In the wake of Boeing’s cabin panel blowout in the Alaska Airlines Flight 1282, and the resignation of its CEO Dave Calhoun, aircraft manufacturer Boeing has been forced to do what it has not done in 16 years: join contract talks with the biggest union representing its workers, the International Association of Machinists and Aerospace Workers (IAM) District 751, which represents over 32,000 Boeing workers. Boeing isn’t engaging in these talks out of the goodness of their hearts, but because they are in the middle of the greatest safety crisis since the crashes of two of its Max 8 jets in Ethiopia and Indonesia 2018 and 2019, which killed 346 people. Boeing is part of a large jet airliner market duopoly alongside Airbus. Because of safety concerns over the last few years, Boeing’s share of the market has been in decline. They need peace in their worker’s front so they can right things and get back on track. Boeing simply cannot afford to be fighting multiple crises, and this has opened the door for the IAM District 751 to negotiate over standard line items such as pay and retirement benefits, as well as bigger issues such as quality and safety standards. If the IAW District 751 succeeds, Boeing will become a banner company for stakeholder capitalism in America.

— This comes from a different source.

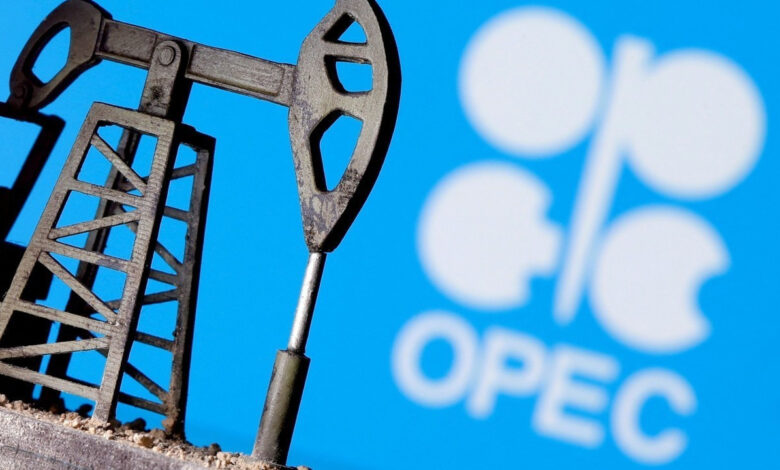 OPEC+ üyesi ülkeler prensipte anlaştı: Petrol fiyatları nasıl etkilenecek? OPEC+ üyesi ülkeler prensipte anlaştı: Petrol fiyatları nasıl etkilenecek?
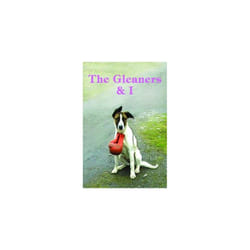The Gleaners and I (DVD)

When talks began, the union’s president, Jon Holden, said that, "It's very important to us that we build a safe, quality airplane”. Workers understand that they are at the coal face of safety concerns: if a plane goes down, the CEO may resign, but alongside passengers, workers will also die. Workers face the brunt of harm from low safety standards, regardless of how executives are punished, and they feel that they deserve a say in designing safer planes. There are practical reasons for letting them have a say: Japanese manufacturing successes showed the world the power of a heavily decentralized manufacturing process where shop floor managers could collaborate with workers to make decisions without having to send them up to senior management. Toyota’s manufacturing principles, for instance, saw a failure to utilize worker’s knowledge as a form of “waste”. The reasons are obvious: workers see things that managers do not.

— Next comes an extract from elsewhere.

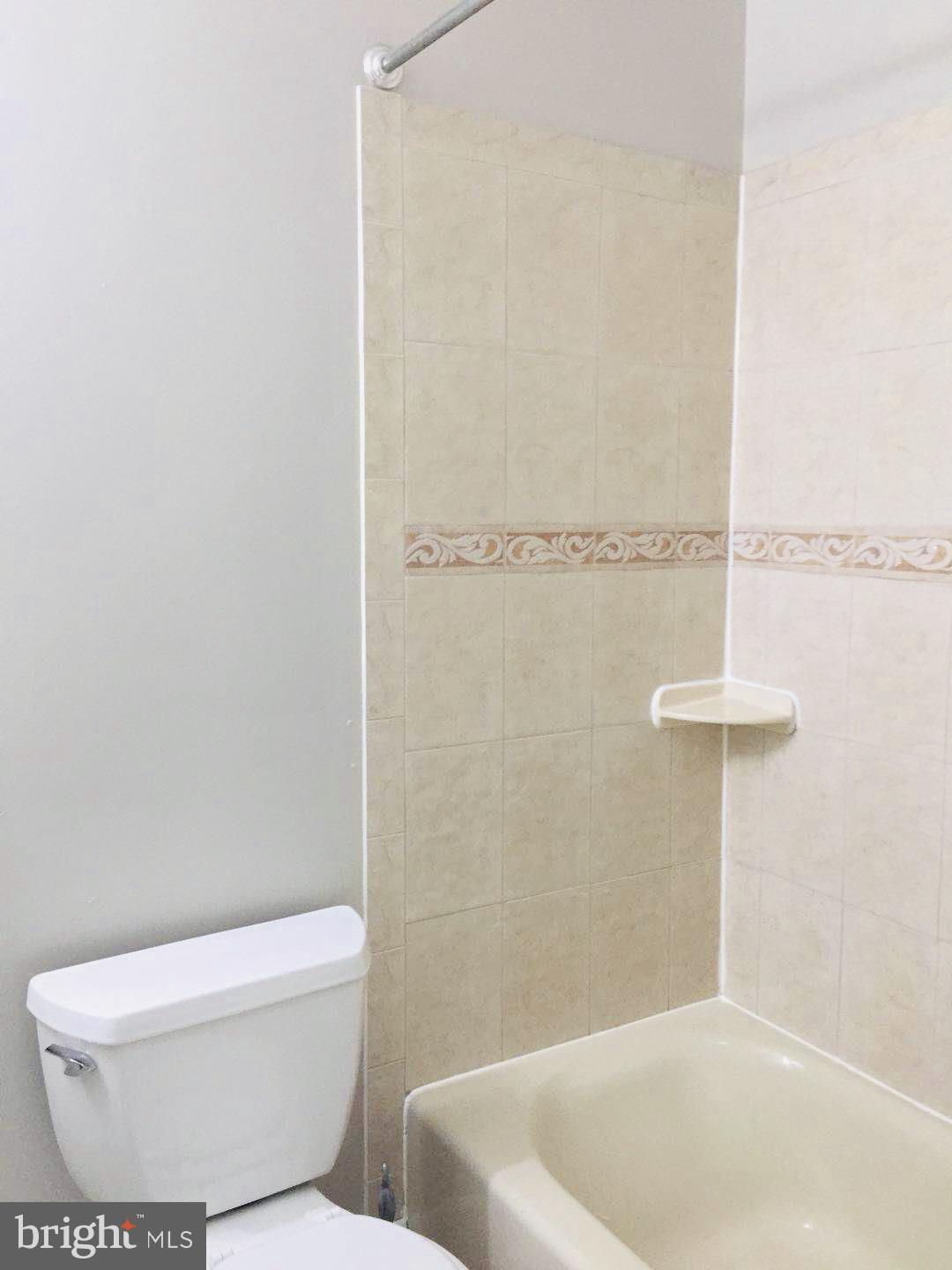 4118 Conger Street Silver Spring, MD 20906 - Photo 17 of 29 bathroom 1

The union not only wants a say in designing safer planes, they want a board seat. Holden explained that, "With what's going on these days, we are oftentimes the last line of defense. We have to save this company from itself." Leeham News called this a “check on the CEO”. This is a sharp departure not merely from how Boeing operates, but how most American businesses operate. Yet, again, this idea has been applied successfully before. German firms, for instance, typically have worker representation on the board. This is because German firms are not geared toward satisfying the demands of shareholders, but have a more holistic view of the firm as being obliged to all its stakeholders, of which workers are an important component. In the United States, in the wake of the Great Recession, climate change and rising inequality, the Business Roundtable (BRT), which represents the nation’s biggest businesses, changed its statement of purpose to reflect a desire to serve all its stakeholders. This was a sharp departure from Milton Friedman’s 1970 doctrine of shareholder primacy. Indeed, Friedman’s paper was titled, “A Friedman Doctrine: The Social Responsibility of Business is to Increase Its Profits".
Boeing is where it is today because, like many firms in the United Since since President Ronald Reagan saw off the air control workers strike in 1981, it has been able to crush its workers, and prevent or reduce unionization, slam the breaks on wage growth, at a time of rising productivity and profitability, while rewarding shareholders with rising dividends and buybacks. CEOs have forsaken a relentless focus on safety because their compensation rewards them for financial success. In other words, a CEO does not have any material incentive to make planes safer. Although these concerns could and should be fixed by changing the terms of executive compensation, these disasters show that a worker’s voice is needed within the company. We cannot assume that the pursuit of shareholder value is the same thing as fair pay for workers and safer planes. We need workers at the top table to save Boeing from itself, give us safer planes, and ensure fair pay and benefits.